The door squeaked open, letting in one of the friendlier security-guys from the gate.
"Am I walking you ladies somewhere?" he asked, and for once his slightly patronising air was nothing but reassuring.
I got them to walk me to the Sports Center, even though I really didn't want Eva catching sight of Joe-Moe. I knew she would be thinking badly of him, and it made me wince. I knew exactly why she was thinking like she did, and I knew he didn't deserve it.
The whole thought-process made me feel exactly like a dumb teenager all over again, the kind who defends her no-good boyfriend and believes that nobody understands him. And then I felt even more like a teenager when Joe glanced up from a table and my legs went a little bit useless.

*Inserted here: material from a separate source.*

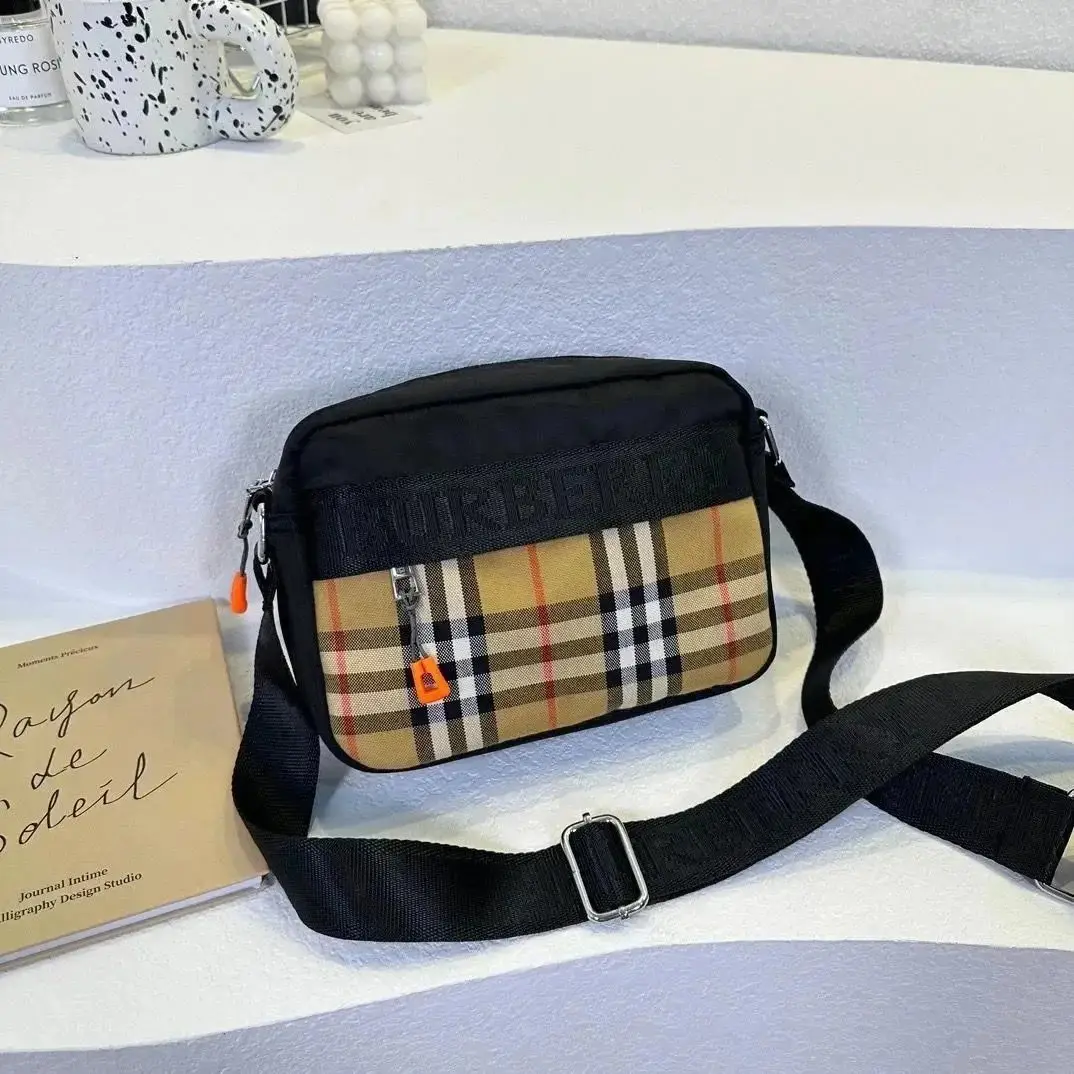 Burberry Vintage Check Crossbody Bag [8 styles] — foto 3 de 6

"Hey, Morgan," he said, giving me a small, tired smile. "Did you start coding again and forget all about me?"
I thought about those three coming to find me and tried to smile at him. I did my best to wak over normally and I gave him a hug where he sat. My arms were shaking so much that he clearly felt it, and stood with a frown.
"What's up?"
I had one of those weird moments when I tried to talk, but instead ended up fighting not to cry. To hide the humiliation, I buried my head against his shoulder and gave him a firm squeeze. It was easier to swallow it down and talk when not looking at him.
"Slight problem with some people we almost know," I said. "Looks like some associates of Lucas's were looking for me."
He drew back from me, in obvious shock. "Are you serious?"
I nodded, and looked away from his gaze to try and keep on holding it together.
"How did they know about you?"
"I think you have a slight informant problem," I said, hating that I had to tell him. "You know that girl from the restaurant? Rita? She was with them."
I made some eye-contact with him again, and it was the most uncomfortable thing seeing him fight not to believe me.
"Rita? Seriously? What are - Are you sure? I don't think she's got anything to do with those guys. She hasn't even been here for ages."
I nodded at him. "I saw her, too. I'm pretty positive. She just seemed to know I did Math here. Do you think she knew that?"
There was a pause, and then, slowly, Joe-Moe nodded. "She messaged after you left the restaurant. She was - she was wondering if everything was ok. I said yes, fine, that something had come up, that you were an impulsive math genius and it wasn't a worry. We - we chatted a bit about you. But I don't-"
He shook his head, trying to deny it again.
"Maybe you need to talk to her," I said, despite hating the idea of him going anywhere near her.
"Yeah, maybe I do."
I let him put his arm around me but we walked in silence out of the cafe, his burger forgotten on the table. I didn't know if I was imagining waves of distrust coming off him, but it made me feel pretty terrible.
"Hey," I said to him, as we reached the parking-lot and he opened up his beat-up old car. "I hope it turns out to be ok. I didn't - I don't want to mess things up with your friends."
He shook his head, and gave me a grin as he pulled me gently toward him. "Yeah, you're so inconsiderate, being hunted down by my people and some of my brother's drug-dealing friends." He gave me a light kiss on the lips. "Sorry, I'm probably coming across all angry. But literally none of it is directed at you. I'm just trying to find a scenario in all this where it's nothing more a mistake, and hoping that I haven't just dragged you into a mess. K?"
"I'm glad," I said, enjoying the hug he gave me more now. "Cos I hate having to be angry back. It's so tiring."
I felt about a thousand times better as we drove away, but there was still a part of me that was terrified about Rita convincing him I'd made it all up, and another part of me that was more normally afraid of being in danger. On the plus side of it all, I had absolutely no space to indulge in the more regular kind-of worry about losing Joe. If I was being positive about the current threat-to-my-life, it was at least a little different.